## TASK INSTRUCTIONS
Please write out all the entries exactly, without the pictures.

## MATERIAL PROVIDED
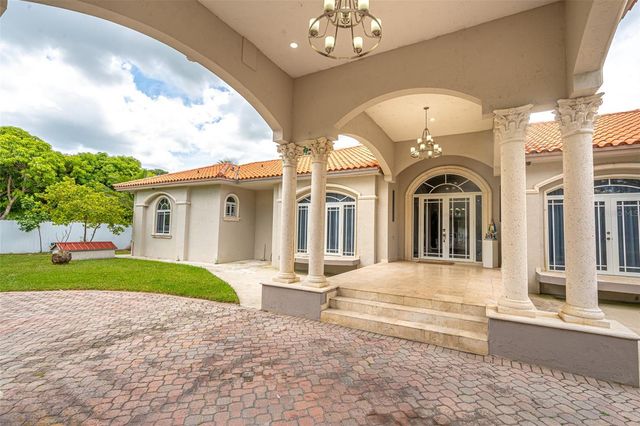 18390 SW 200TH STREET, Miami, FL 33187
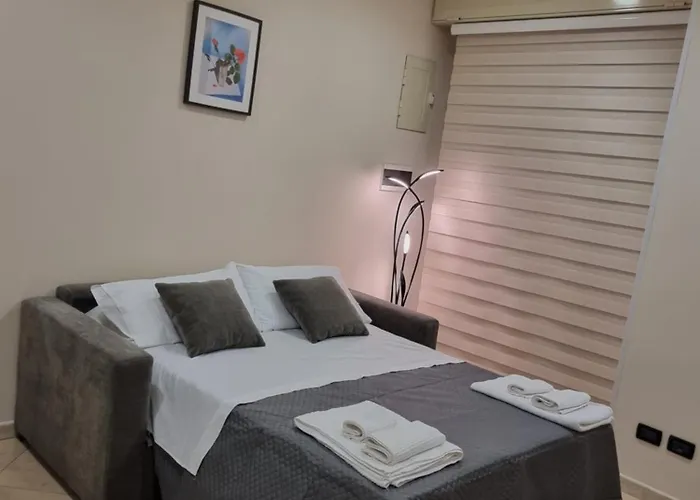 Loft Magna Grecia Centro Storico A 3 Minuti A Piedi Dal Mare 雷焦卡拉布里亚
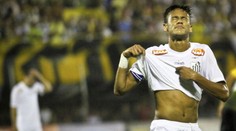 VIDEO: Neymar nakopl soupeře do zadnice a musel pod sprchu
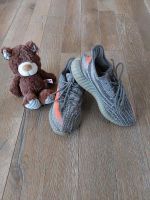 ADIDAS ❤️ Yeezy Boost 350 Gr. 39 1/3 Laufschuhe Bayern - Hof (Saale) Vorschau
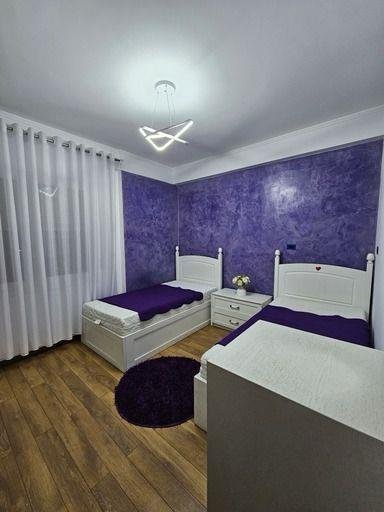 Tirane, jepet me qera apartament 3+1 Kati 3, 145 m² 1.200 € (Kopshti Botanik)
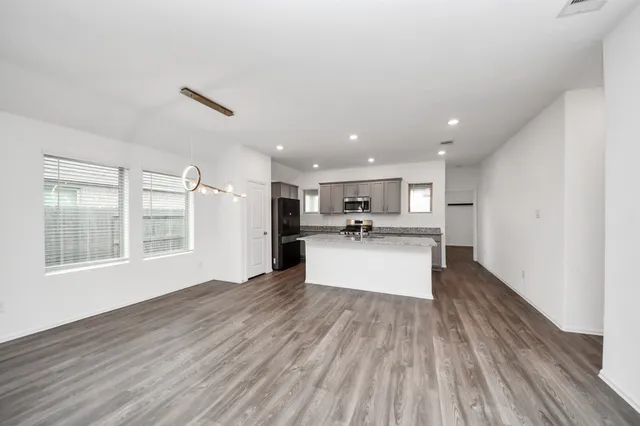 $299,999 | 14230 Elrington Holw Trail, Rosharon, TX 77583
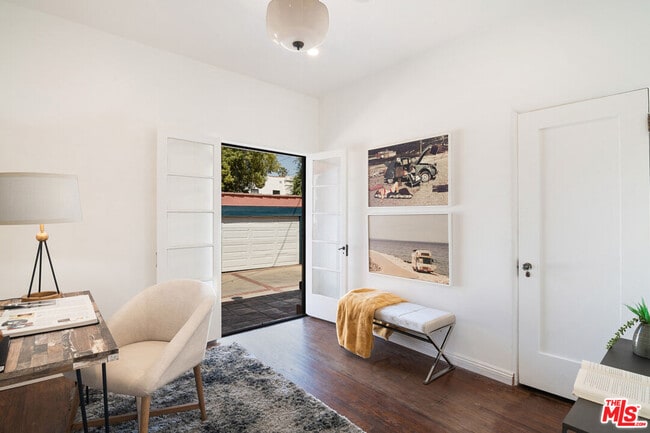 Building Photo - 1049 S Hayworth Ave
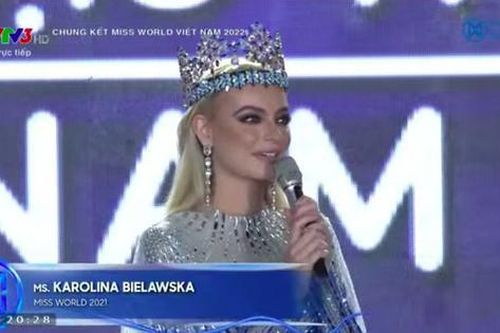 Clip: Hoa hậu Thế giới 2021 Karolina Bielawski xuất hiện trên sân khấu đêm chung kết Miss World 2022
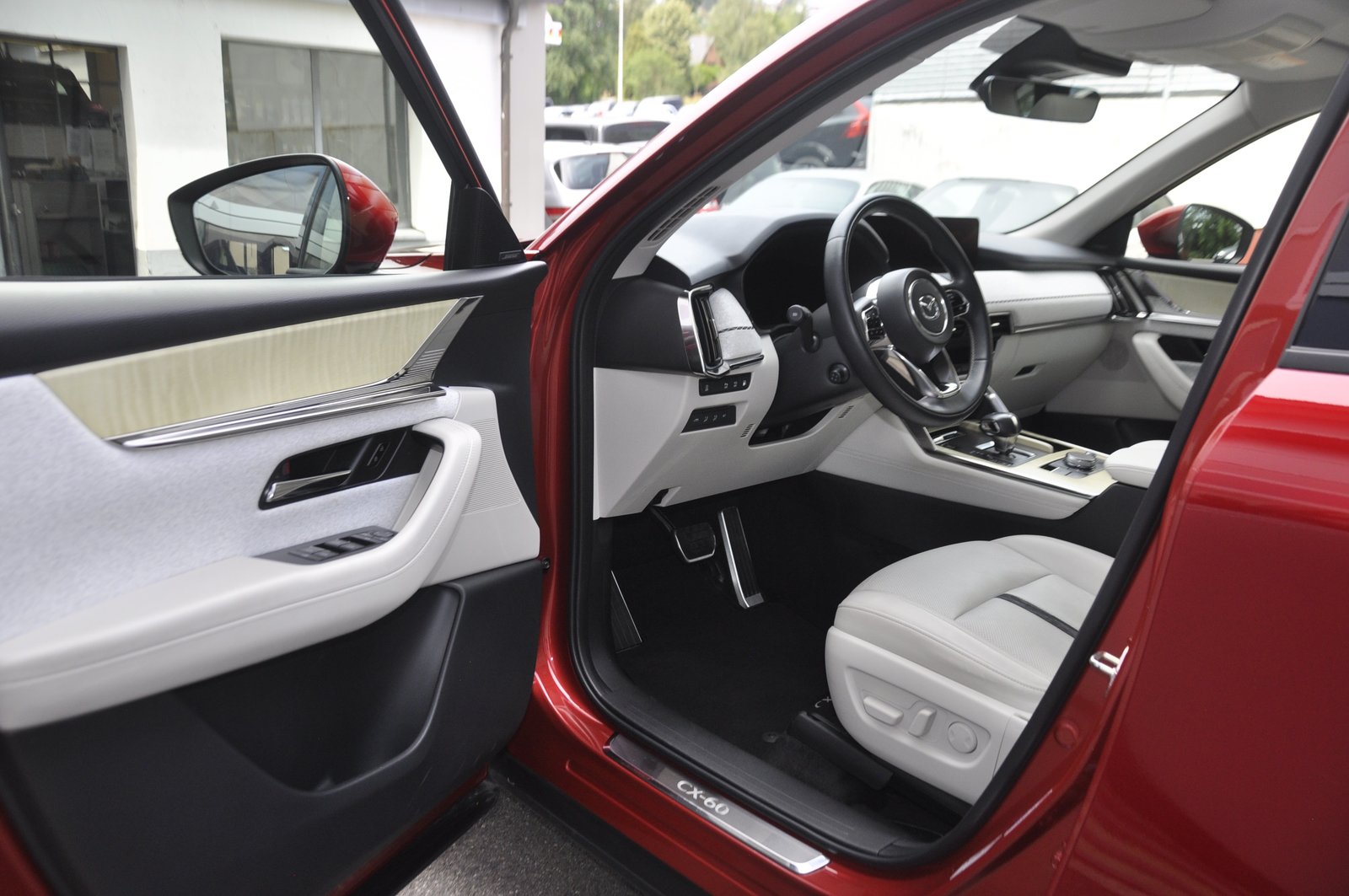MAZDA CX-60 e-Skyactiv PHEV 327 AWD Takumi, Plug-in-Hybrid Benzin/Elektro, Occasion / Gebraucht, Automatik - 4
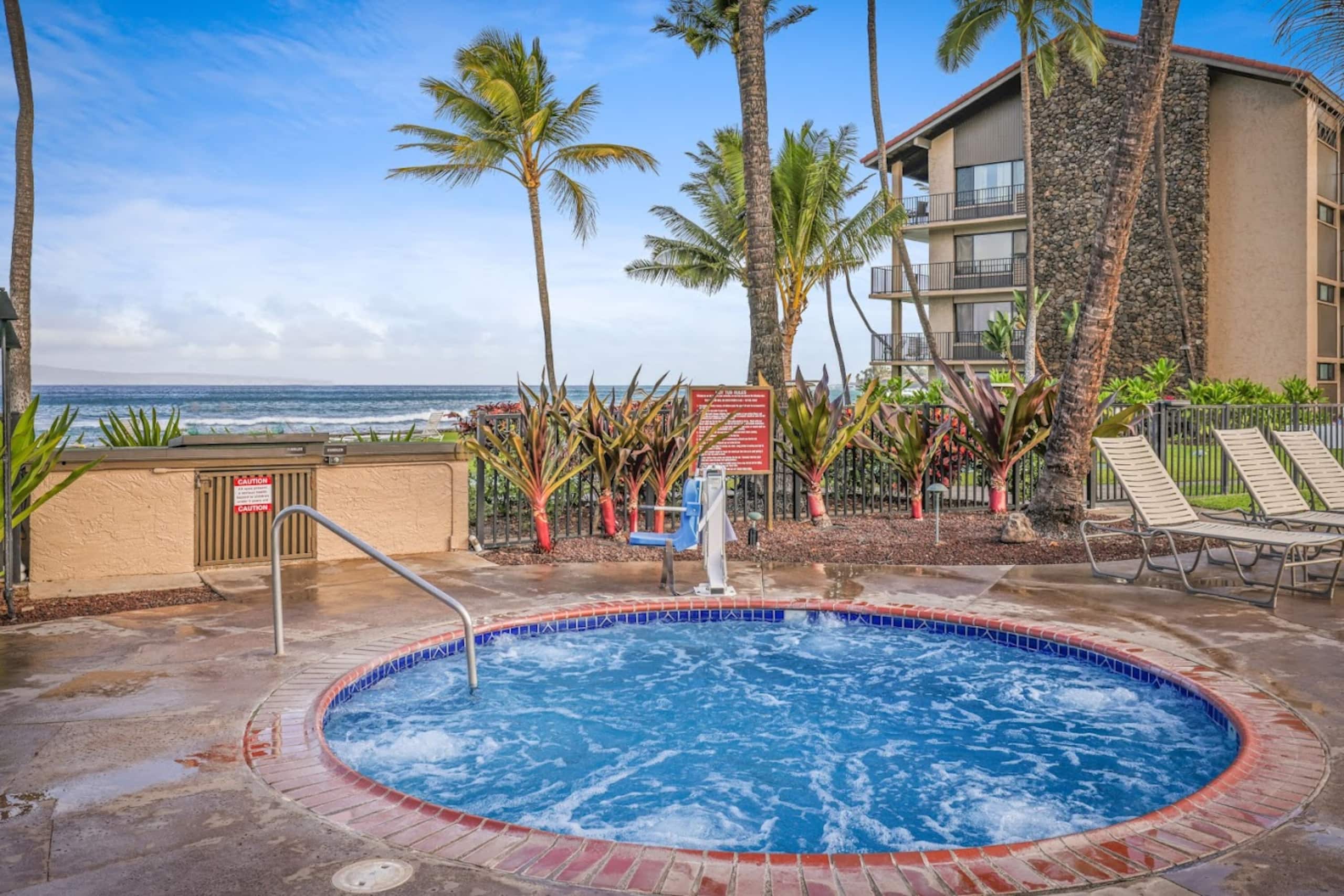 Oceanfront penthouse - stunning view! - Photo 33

## RESPONSE TO THE TASK
 18390 SW 200TH STREET, Miami, FL 33187
 Loft Magna Grecia Centro Storico A 3 Minuti A Piedi Dal Mare 雷焦卡拉布里亚
 VIDEO: Neymar nakopl soupeře do zadnice a musel pod sprchu
 ADIDAS ❤️ Yeezy Boost 350 Gr. 39 1/3 Laufschuhe Bayern - Hof (Saale) Vorschau
 Tirane, jepet me qera apartament 3+1 Kati 3, 145 m² 1.200 € (Kopshti Botanik)
 $299,999 | 14230 Elrington Holw Trail, Rosharon, TX 77583
 Building Photo - 1049 S Hayworth Ave
 Clip: Hoa hậu Thế giới 2021 Karolina Bielawski xuất hiện trên sân khấu đêm chung kết Miss World 2022
MAZDA CX-60 e-Skyactiv PHEV 327 AWD Takumi, Plug-in-Hybrid Benzin/Elektro, Occasion / Gebraucht, Automatik - 4
 Oceanfront penthouse - stunning view! - Photo 33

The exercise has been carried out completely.